(Task description):
The reply must repeat each entry exactly and contain no pictures.
Top of The data
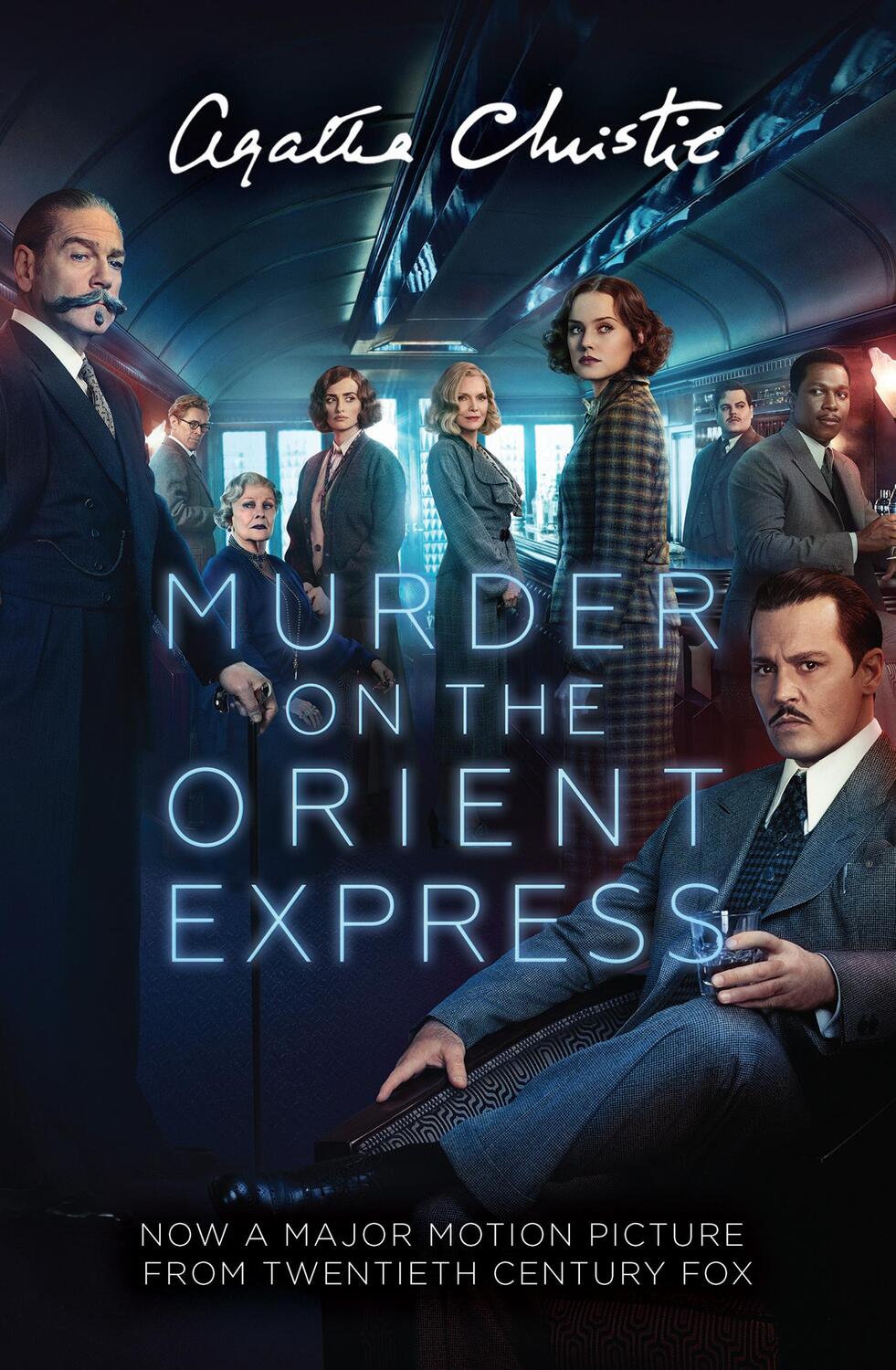 Cover: 9780008226671 | Murder on the Orient Express. Film Tie-In | Agatha Christie | Buch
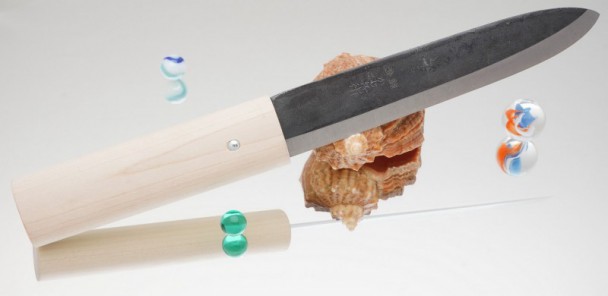 Нож Kajibee Makiri Kigami Kurouchi 150 мм Нож Kajibee Makiri Kigami Kurouchi 150 мм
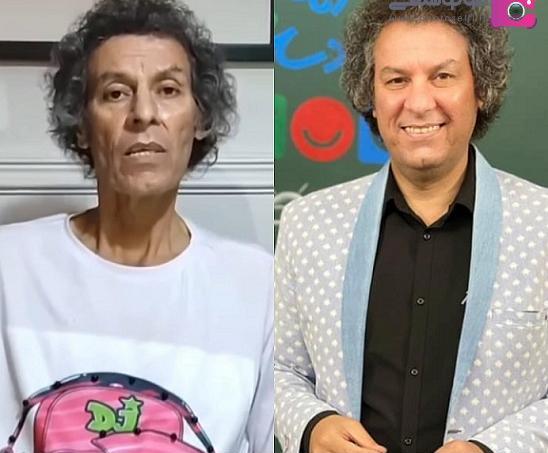 عکس بیماری آرش میراحمدی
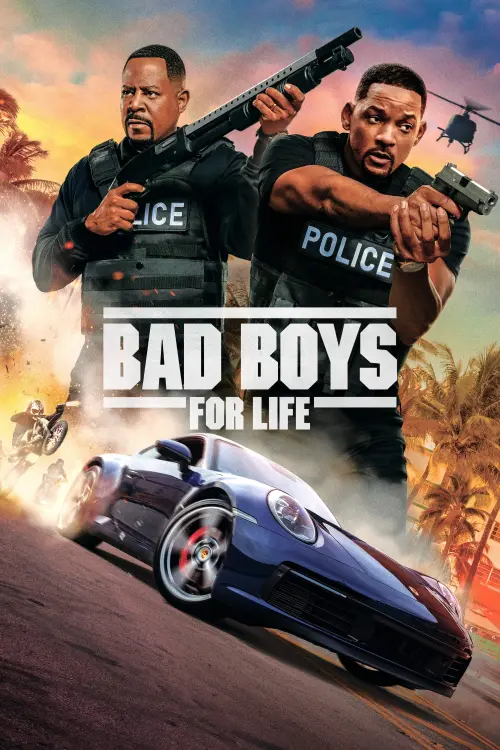 Movie poster "Bad Boys for Life"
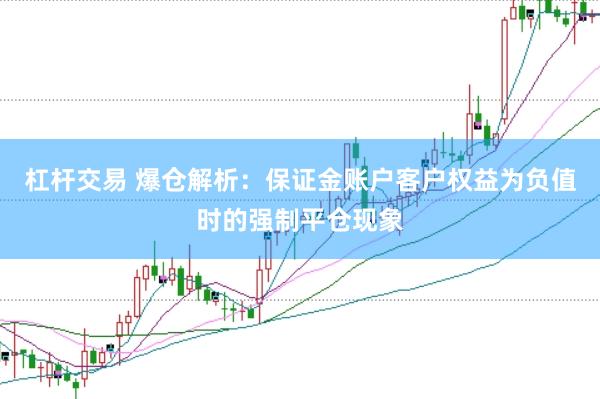 杠杆交易 爆仓解析：保证金账户客户权益为负值时的强制平仓现象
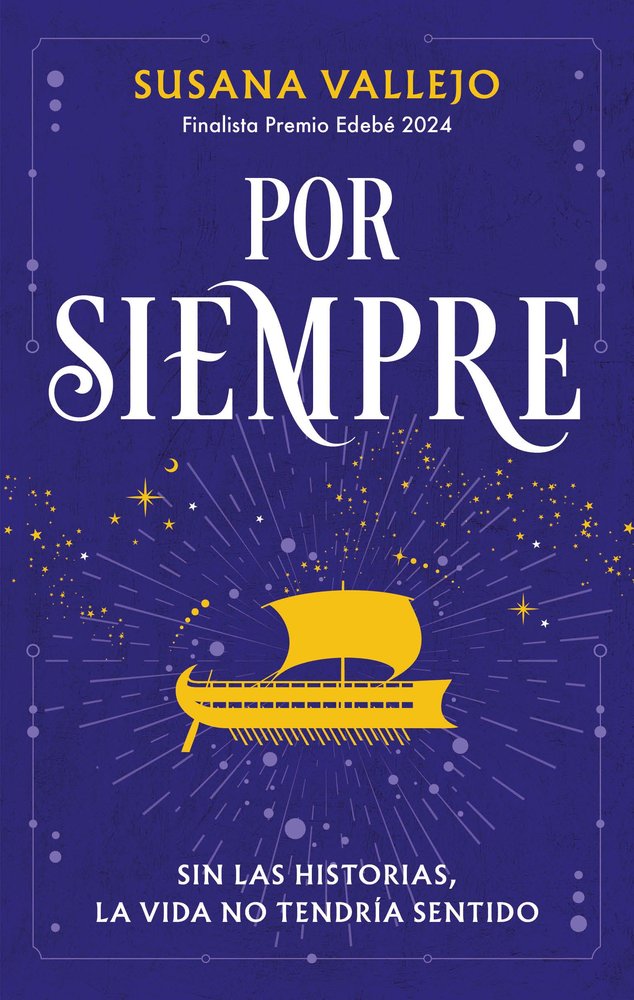 POR SIEMPRE, de VALLEJO, SUSANA | portada del libro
Bottom of The data
(Response):
 Cover: 9780008226671 | Murder on the Orient Express. Film Tie-In | Agatha Christie | Buch
 Нож Kajibee Makiri Kigami Kurouchi 150 мм Нож Kajibee Makiri Kigami Kurouchi 150 мм
 عکس بیماری آرش میراحمدی
 Movie poster "Bad Boys for Life"
 杠杆交易 爆仓解析：保证金账户客户权益为负值时的强制平仓现象
 POR SIEMPRE, de VALLEJO, SUSANA | portada del libro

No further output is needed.